RENZO FRANCABANDERA | Fondata nel 2004 a Torino da Giorgia Cerruti e Davide Giglio, Piccola Compagnia della Magnolia è una compagnia indipendente di teatro contemporaneo riconosciuto per un’identità artistica fondata sul lavoro dell’attore in dialogo con la parola. Chiunque sia appassionato di teatro in Italia ha avuto sicuramente modo in questi venti anni di incontrare questo sodalizio artistico, che ha condotto indagini sempre profonde e dense sia sui grandi classici del teatro che sulla drammaturgia contemporanea. Un festival, un teatro off, una rassegna. La Magnolia ha resistito per vent’anni.
Si tratta di un’impresa a tenace, ostinata “conduzione familiare” in cui le attività – artistiche, tecniche, organizzative, amministrative – sono gestite dagli artisti stessi della compagnia, uniti da un progetto di vita e teatro a lungo termine.
Resistere per tanto tempo in uno scenario nazionale sempre più desertificato e preda degli interessi e degli scambi dei grandi teatri nazionali non è certo impresa facile che mira a mantenere viva una rigorosa e appassionata indagine a cavallo tra codici teatrali e ricerca, affrontando con sguardo contemporaneo la materia teatrale.
Abbiamo intervistato Giorgia Cerruti.
Ha senso e se sì perché festeggiare un anniversario di pratica nell’arte? Sembra quasi un brindare allo scampato pericolo e alla tenacia di avercela fatta in una realtà così complessa.
Un anniversario si festeggia sempre! È un’occasione di allegria, e per dire dei grazie. E poi…ammettiamolo…una compagnia indipendente che festeggia 20 anni di lavoro non è una semplice “azienda familiare” che ce l’ha fatta, è un vero e proprio miracolo in questo disastrato paese; è frutto di lavoro, testardaggine, utopica resistenza, lealtà, fratellanza, rinunce incalcolabili e inesauribile euforia progettuale. Stiamo sulle sabbie mobili, facendo progetti per il 2027 ma sapendo lucidamente che domani potrebbe svanire tutto. Senza paracadute o piani B cui aggrapparsi.
Eppure siete un duo che ha faticato e ancora fatica per mantenere il proprio diritto alla pratica artistica, pur essendo basati in una regione tutto sommato ricca. Che indicazione sistemica si può ricavare dal vostro vissuto esperienziale?
Io e Davide Giglio, mio compagno d’arte e prezioso attore, non ci siamo mai considerati solo un duo, nel senso che Magnolia è un organismo semiliquido.

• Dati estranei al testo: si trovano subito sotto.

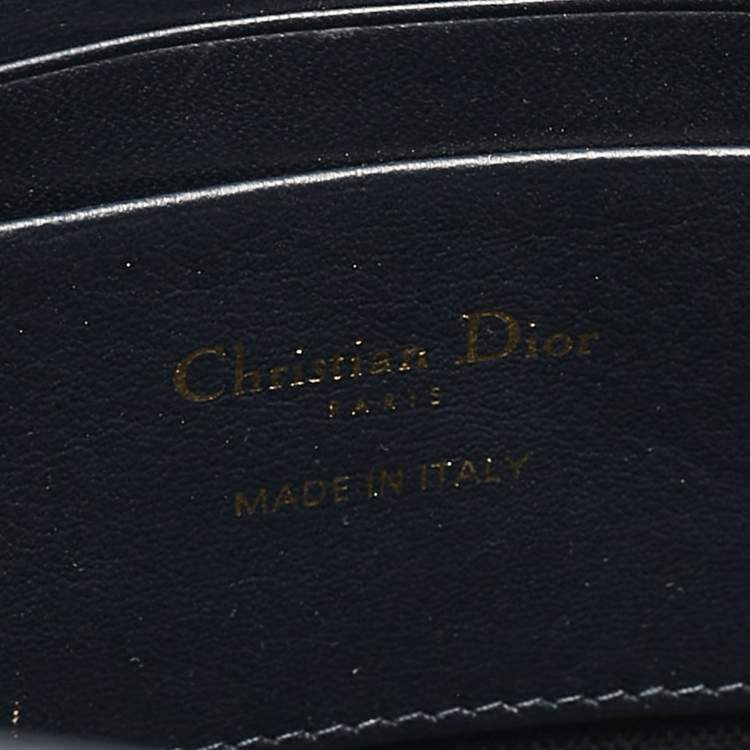 Pre Owned Dior Navy Blue Oblique Canvas 30 Montaigne Pouch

Certamente entrambi rappresentiamo l’anima artistica e l’origine e certamente la progettualità ideologica è figlia dei nostri desideri, ma credo di poter dire che negli ultimi vent’ anni abbiamo attraversato momenti di gruppo intensi e solidi, sempre in perenne mutazione, tra avvicinamenti, abbandoni, appartenenze più o meno strette. Intendo dire che ogni persona (figura artistica, amministrativa o organizzativa) che ha attraversato e/o attraversa oggi la Compagnia semina una traccia profonda, che riverbera costantemente. Ogni progetto è una sorta di banchetto, impastato da molte persone con molteplicicompetenze, alcune sono presenze fisse, altre temporanee, tutte convergenti verso il lavoro artistico e la sua cura. Microsocietà ideale? Spero di sì, ma anche riserva indiana e gruppo di amici sodali.

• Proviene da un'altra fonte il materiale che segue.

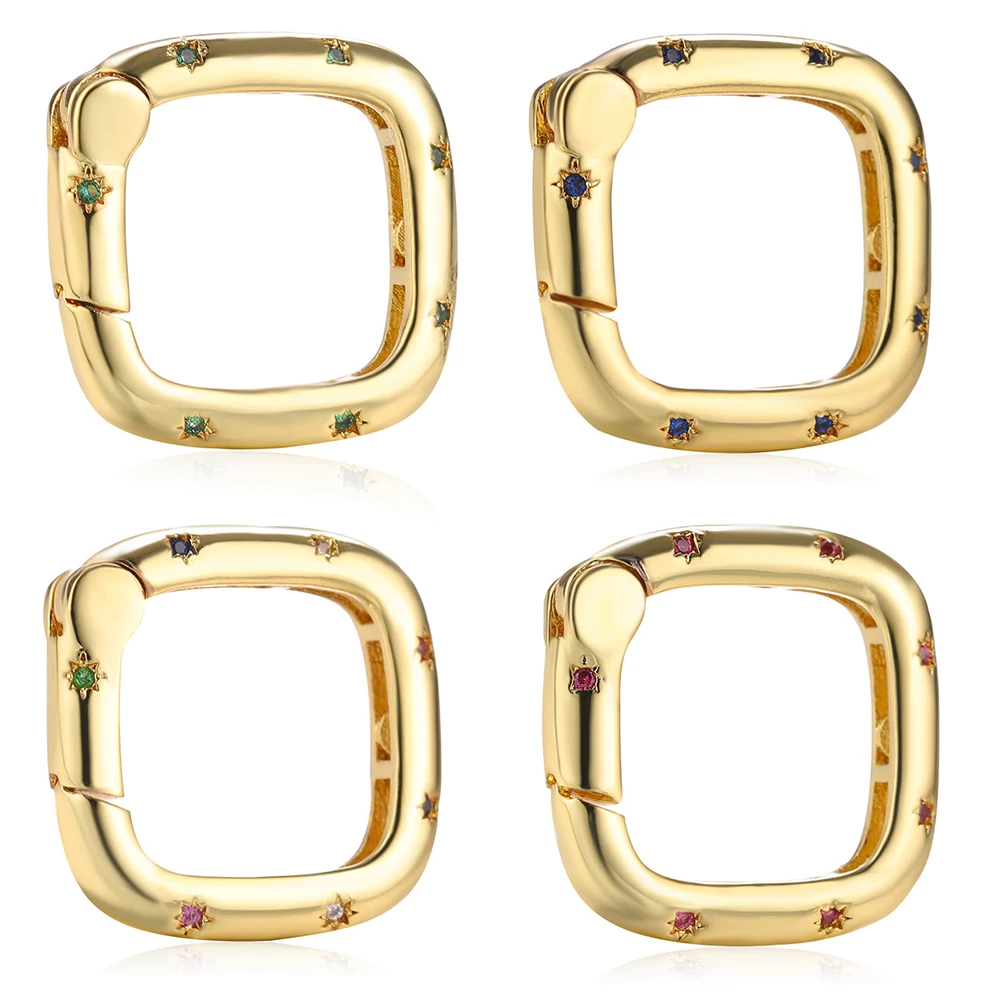 New DIY Jewelry Making Gold Color Clasp CZ Lock Hook Button Screw Clasps For DIY Luxury Necklace Bracelet Hand Made Accessories
New DIY Jewelry Making Gold Color Clasp CZ Lock Hook Button Screw Clasps For DIY Luxury Necklace Bracelet Hand Made Accessories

Venendo al Piemonte, trattasi di una regione ricca ma contraddittoria, che racconta una sudditanza dilagante e nazionale delle arti verso tendenziose politiche definite “di welfare” che mischiano barbaramente le carte, chiedendo ai teatranti di abbandonare la propria specificità per rientrare in bandi che non sostengono la produzione artistica ma altri settori, altre competenze, … In breve, le Fondazioni ormai ci dettano come operare e le alternative per produrre non sono molte…

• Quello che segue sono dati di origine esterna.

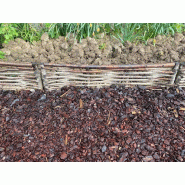 5 bordures en noisetier - naturelles et sans traitement - 30x115 cm_3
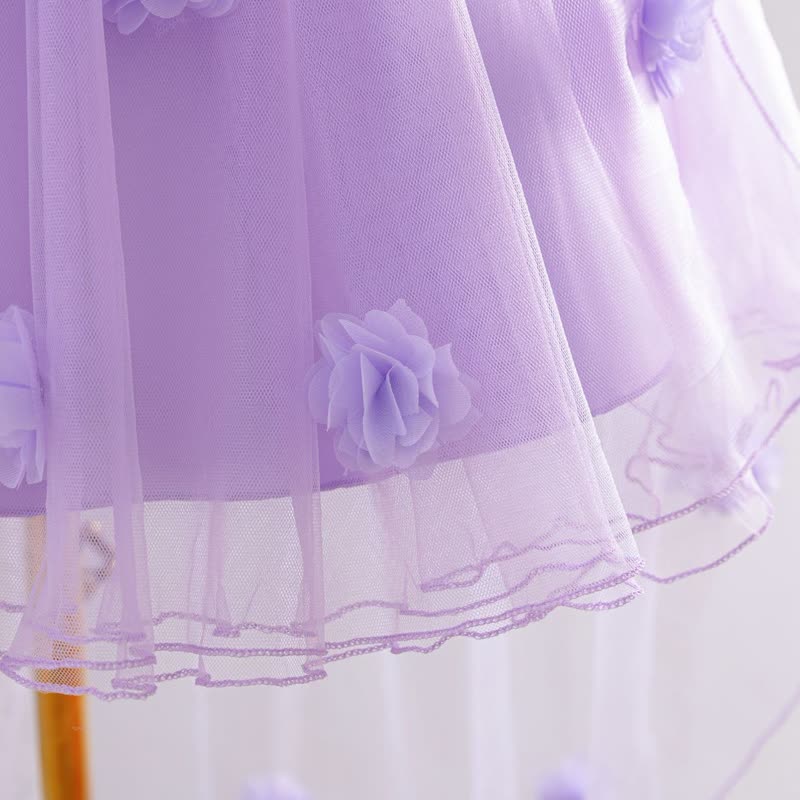 Mesh Rosette Sleeveless Midi Dresses - image 13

E poi c’è il tema della tutela dei propri artisti! In questo senso la distribuzione è l’anello più ignorato del ragionamento, e se non si inverte la rotta, rendendo vantaggioso per i teatri ospitare le compagnie indipendenti e la loro ricerca non mainstream, il futuro vedrà la scomparsa delle compagnie di giro, anima del teatro italiano.
Ma qui si apre un tema più ampio e doloroso, che ha a che fare con il sostrato culturale della nazione, con l’anima profonda di un paese piegato, retto ad ogni livello da interessi particolari, alito fascista, solidarietà tra cabale, incompetenza, scarsa ambizione, gusti omologati, consumo stereotipato, silenzio tombale sugli esclusi dai circoli gourmet. Siamo quarantenni e oltre, belli adulti ormai, e da questa posizione osserviamo disillusi l’orizzonte prossimo, preoccupandoci delle future generazioni. Crediamo ci vorranno ancora trent’anni prima di trovare un clima ripulito da tutto, un clima che scopra nuovi METODI, un nuovo senso del sacro, un clima più giusto dove si alleggeriscano le indegne disparità cui assistiamo – anche – nel piccolo mondo del teatro.
Siete passati anche per la gestione diretta di uno spazio fisico. Perché lo avete mollato? Rimpiangete quella scelta?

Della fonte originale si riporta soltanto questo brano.